What to produce:
What needs reproducing is the run of lines in the data below starting at the line with "ben_caunt's profile banner image" and ending at the line with "First 100 Words", both ends included. Copy it exactly, without pictures, and add nothing.

Record extracts:

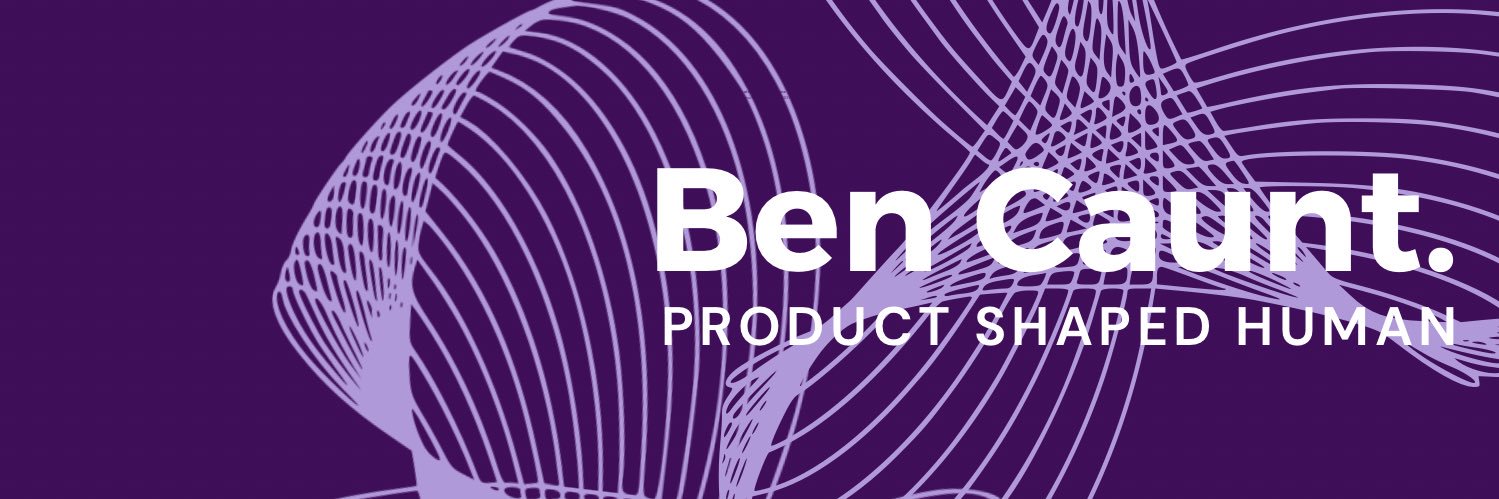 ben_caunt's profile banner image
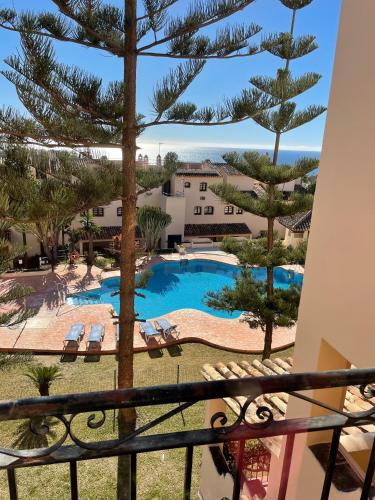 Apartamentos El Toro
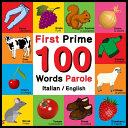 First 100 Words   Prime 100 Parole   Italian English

---

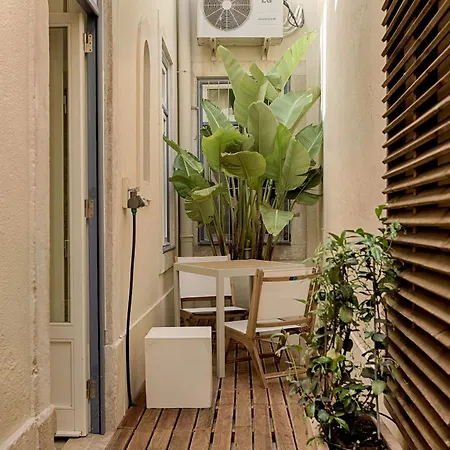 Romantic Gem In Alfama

==

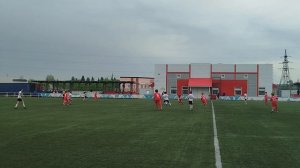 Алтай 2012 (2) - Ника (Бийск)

Task output:
 ben_caunt's profile banner image
 Apartamentos El Toro
 First 100 Words   Prime 100 Parole   Italian English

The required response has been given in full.